Estos artículos y comentarios nostálgicos tienden a proliferar en relación directamente proporcional al envejecimiento de la población en general y de los boomers -en España, 'generación de la EGB'- en particular, comparando aquella quietud del veraneo con la trepidante actividad actual, algo desarraigada, de su(s) retoño(s), que en dos meses cumplen con la semana campamental, con el viaje familiar de una semana a algún destino más o menos exótico -el hijo único facilita la logística- con los días de piscina comunitaria y, por supuesto, con semanas restantes al cuidado de los abuelos -quizá, sí, en un pueblo bonito donde tienen una casa-, mientras los padres, ambos, trabajan. Y, desde luego, siempre conectados, sin perder el hilo con sus amigos -apenas hay primos, hermanos y casi ni amigos con los que hacer pandilla- que comentan con desgana y cierto cinismo ese último campamento, el aburrimiento piscinero. O los calores y aglomeraciones que sufren en el viaje a la costa gallega o en el tour por los castillos del Loira o Nueva York.
Veranos trepidantes y fragmentados que, en formato estival, y dejando un poso de insatisfacción, siguen la lógica hiperactiva, productivista y consumista de la vida cotidiana, al tiempo que se narran en directo a las amistades, incluso urbi et orbe. Y lo que no se pueda consumir/producir en verano, se apura en 'escapadas' que aprovechan milimétricamente los puentes del Pilar, de la Purísima o la Navidad. Por eso, muchos padres se cuestionan si esas vacaciones frenéticas y desarraigadas, que se aprovechan para pasar supuesto 'tiempo de calidad' con los hijos, en vez servir, como sucedía antaño, para crear vivencias propias, dejarán el mismo poso de recuerdos dulces que nos traen nuestros veraneos a nosotros.
El caso es que el teletrabajo, esa oportunidad que, en España, siquiera como practica a tiempo parcial, estamos dejando que se escurra entre los dedos, puede abrir nuevas oportunidades al veraneo. Eso sí, veraneo 2.0: será a condición de disponer de una segunda vivienda, propia, cedida, compartida o alquilada, con buena conexión de datos. Es posible que aquellos veraneos de amplias minorías, pero conectados, regresen. Y que los críos, en pandillas más pequeñas que las de antaño, vuelvan a disfrutar de la suspensión del tiempo, de corretear por las playas, los praos, los ríos y las eras, creando sus propios recuerdos mientras sus padres, ambos 'Rodríguez' en versión semipresencial, producen y consumen en remoto entre baño de mar y baño de mar.

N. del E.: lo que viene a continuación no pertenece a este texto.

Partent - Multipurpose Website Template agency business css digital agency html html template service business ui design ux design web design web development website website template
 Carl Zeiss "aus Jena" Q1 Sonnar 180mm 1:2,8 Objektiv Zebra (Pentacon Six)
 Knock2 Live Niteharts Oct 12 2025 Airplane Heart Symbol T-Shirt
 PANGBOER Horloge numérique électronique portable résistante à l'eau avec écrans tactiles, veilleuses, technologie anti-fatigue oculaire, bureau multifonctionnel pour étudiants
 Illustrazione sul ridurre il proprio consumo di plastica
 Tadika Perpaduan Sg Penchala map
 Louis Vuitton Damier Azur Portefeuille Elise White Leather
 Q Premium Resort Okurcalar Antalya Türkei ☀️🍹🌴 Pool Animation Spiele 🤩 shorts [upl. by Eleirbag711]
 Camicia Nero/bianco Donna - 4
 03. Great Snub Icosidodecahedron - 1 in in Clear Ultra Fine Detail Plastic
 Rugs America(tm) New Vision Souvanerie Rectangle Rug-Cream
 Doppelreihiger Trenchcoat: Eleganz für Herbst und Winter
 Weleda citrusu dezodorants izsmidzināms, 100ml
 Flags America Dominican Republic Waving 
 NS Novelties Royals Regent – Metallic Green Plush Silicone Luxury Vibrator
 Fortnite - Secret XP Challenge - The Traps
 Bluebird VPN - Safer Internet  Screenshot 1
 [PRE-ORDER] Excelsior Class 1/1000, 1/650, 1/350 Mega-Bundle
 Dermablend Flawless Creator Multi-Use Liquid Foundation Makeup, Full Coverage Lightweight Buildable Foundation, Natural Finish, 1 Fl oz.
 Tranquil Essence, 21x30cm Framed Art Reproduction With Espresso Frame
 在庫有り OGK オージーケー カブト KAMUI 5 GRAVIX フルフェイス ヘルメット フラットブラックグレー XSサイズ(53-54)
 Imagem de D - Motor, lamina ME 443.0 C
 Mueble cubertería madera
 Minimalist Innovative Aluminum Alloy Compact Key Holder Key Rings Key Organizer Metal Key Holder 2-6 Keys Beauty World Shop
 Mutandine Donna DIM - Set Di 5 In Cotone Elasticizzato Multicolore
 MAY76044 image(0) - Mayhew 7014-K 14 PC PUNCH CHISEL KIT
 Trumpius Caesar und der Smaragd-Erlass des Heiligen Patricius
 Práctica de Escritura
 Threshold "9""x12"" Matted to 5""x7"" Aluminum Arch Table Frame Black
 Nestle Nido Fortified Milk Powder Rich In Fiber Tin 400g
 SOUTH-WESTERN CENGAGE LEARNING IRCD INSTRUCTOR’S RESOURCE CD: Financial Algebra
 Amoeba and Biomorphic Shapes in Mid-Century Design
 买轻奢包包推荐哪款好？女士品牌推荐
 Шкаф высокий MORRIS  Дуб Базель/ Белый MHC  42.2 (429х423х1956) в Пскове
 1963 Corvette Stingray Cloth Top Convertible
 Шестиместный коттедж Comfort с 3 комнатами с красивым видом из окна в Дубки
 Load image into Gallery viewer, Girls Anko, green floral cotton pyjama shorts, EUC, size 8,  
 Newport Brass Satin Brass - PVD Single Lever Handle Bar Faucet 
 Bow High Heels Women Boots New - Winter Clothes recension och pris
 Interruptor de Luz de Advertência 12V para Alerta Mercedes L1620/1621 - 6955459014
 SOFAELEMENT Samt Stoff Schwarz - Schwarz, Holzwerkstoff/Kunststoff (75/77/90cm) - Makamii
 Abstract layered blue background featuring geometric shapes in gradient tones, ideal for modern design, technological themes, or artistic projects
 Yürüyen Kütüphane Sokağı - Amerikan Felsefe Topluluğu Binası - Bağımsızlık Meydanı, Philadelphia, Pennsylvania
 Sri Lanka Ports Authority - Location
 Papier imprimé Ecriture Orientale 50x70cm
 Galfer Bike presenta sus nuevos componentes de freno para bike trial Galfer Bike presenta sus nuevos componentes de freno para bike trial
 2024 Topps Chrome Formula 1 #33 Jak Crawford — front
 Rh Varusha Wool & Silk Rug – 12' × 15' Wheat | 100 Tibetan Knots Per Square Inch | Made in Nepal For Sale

Tengo la impresión de que hay una creciente añoranza del mundo de ayer. Y que conceptos como la sostenibilidad o la escasez, pero también padres que desean que sus hijos tengan recuerdos de una infancia y adolescencia feliz, como la suya, podrían devolvernos, siquiera en parte, y con todas las cautelas y conectividades que ustedes quieran, a aquel mundo, seguramente idealizado, de nuestra infancia. También, es posible, y para una considerable minoría, al veraneo.